- _ACTION ITEM_
Copy the records below in full, keeping each word as it is but omitting the pictures.

- _Captioned web images_
/---
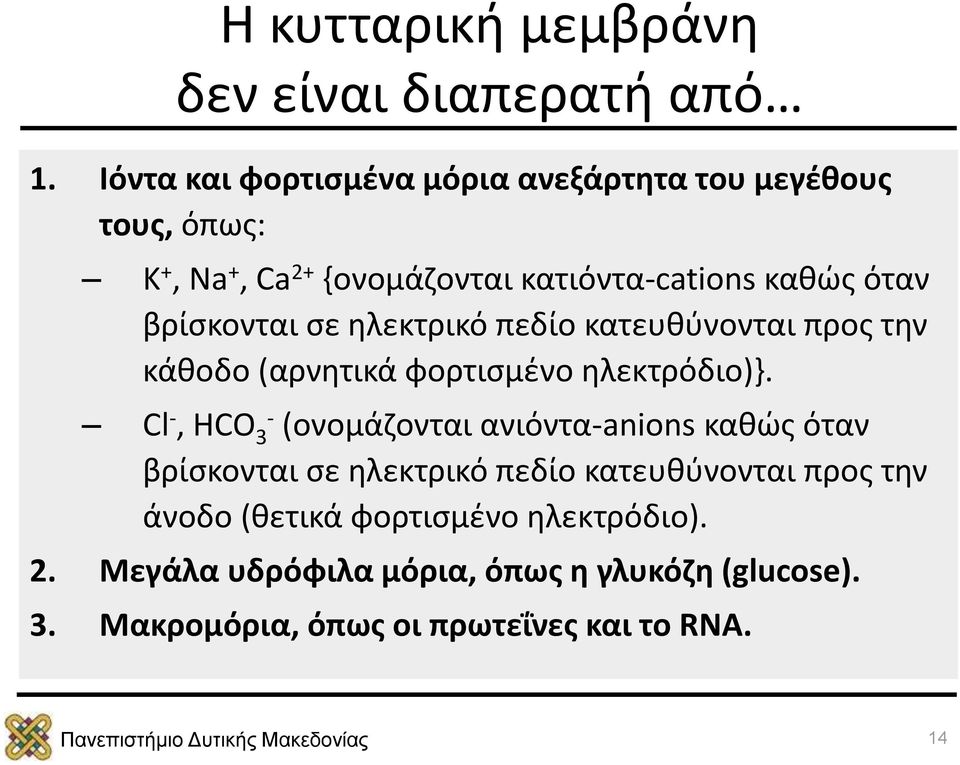 βρίσκονται σε ηλεκτρικό πεδίο κατευθύνονται προς την κάθοδο (αρνητικά φορτισμένο ηλεκτρόδιο)}.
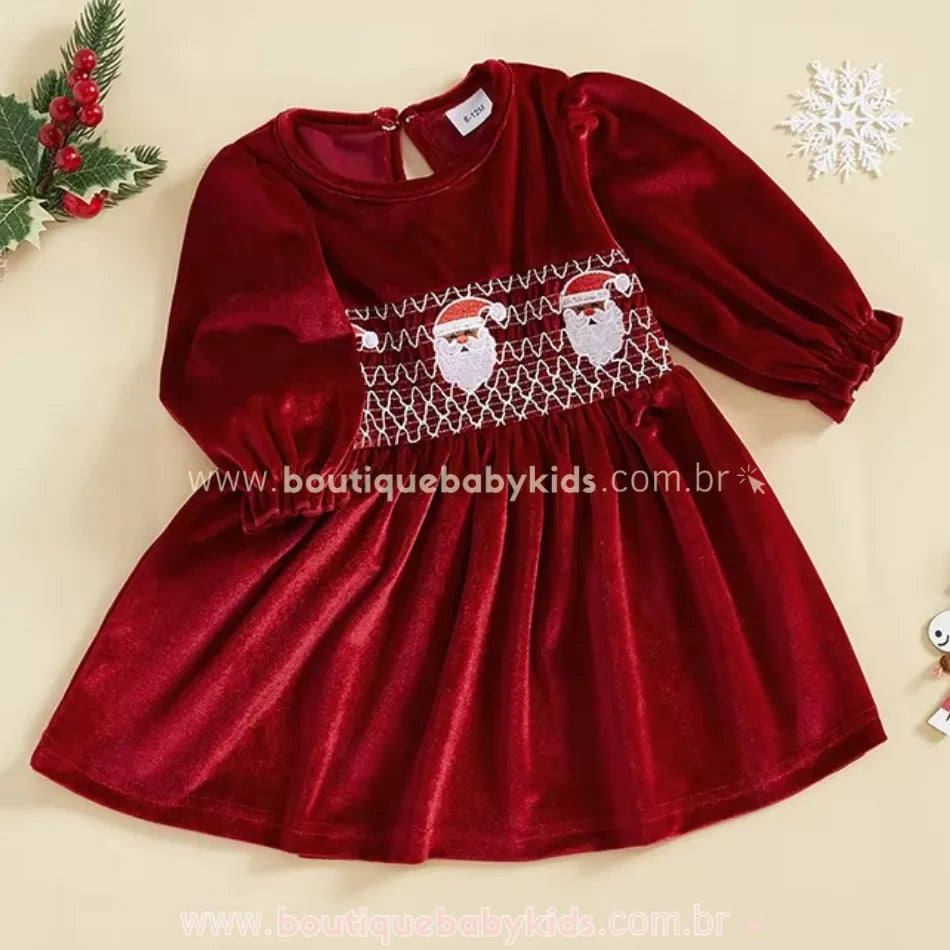 Vestido Infantil Natalino de Veludo Papai Noel Bordado - Boutique Baby Kids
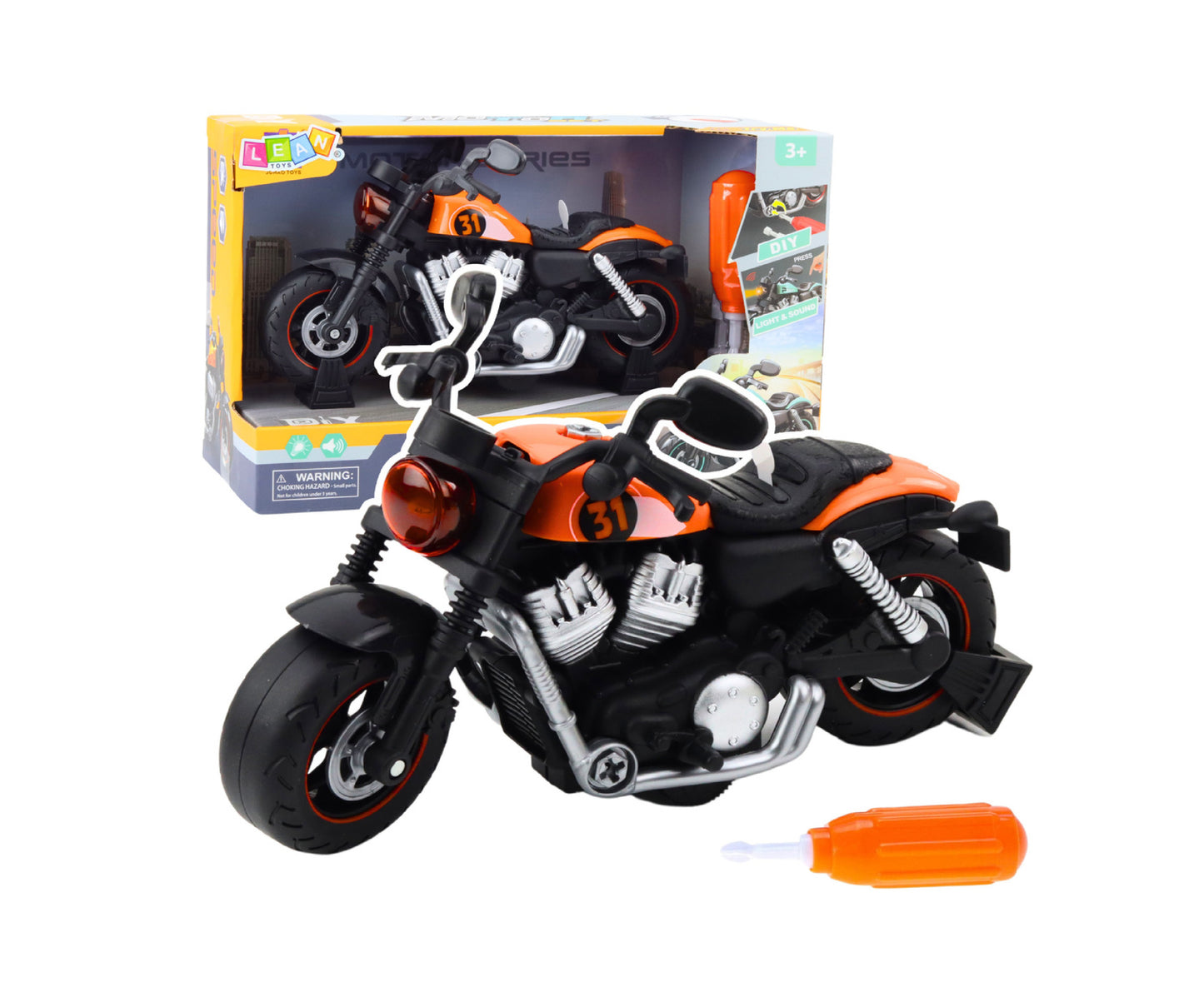 Motocicleta de jucarie cu efecte sonore si luminoase, 20 x 13 x 8 cm, negru / portocaliu, Lean 24217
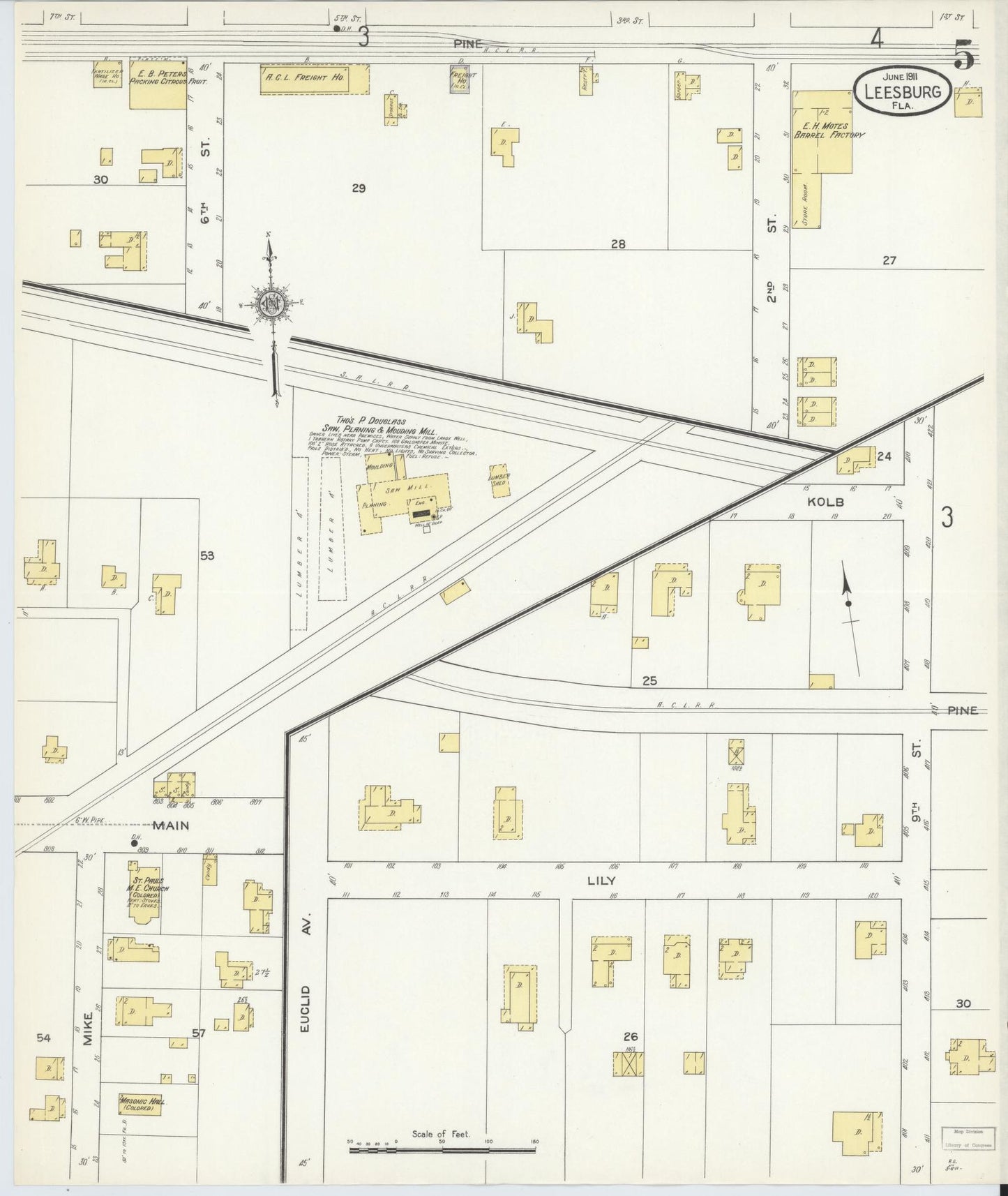 Sanborn Fire Insurance Map from Leesburg, Lake County, Florida (1911), Sheet #0005 - Complete Map Set gallery image, historic Sanborn map, vintage wall art, Florida Florida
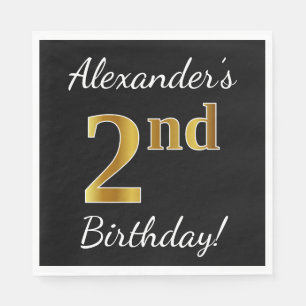 Schwarz, Imitate Gold 2. Geburtstag + Individuelle Serviette
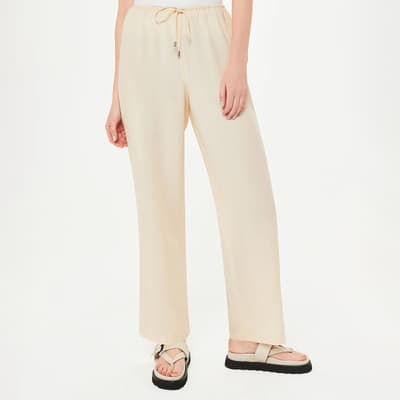 Nude Anika Tie Front Linen Blend Trousers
\---
- _FINISHED TASK_
 βρίσκονται σε ηλεκτρικό πεδίο κατευθύνονται προς την κάθοδο (αρνητικά φορτισμένο ηλεκτρόδιο)}.
 Vestido Infantil Natalino de Veludo Papai Noel Bordado - Boutique Baby Kids
 Motocicleta de jucarie cu efecte sonore si luminoase, 20 x 13 x 8 cm, negru / portocaliu, Lean 24217
 Sanborn Fire Insurance Map from Leesburg, Lake County, Florida (1911), Sheet #0005 - Complete Map Set gallery image, historic Sanborn map, vintage wall art, Florida Florida
 Schwarz, Imitate Gold 2. Geburtstag + Individuelle Serviette
 Nude Anika Tie Front Linen Blend Trousers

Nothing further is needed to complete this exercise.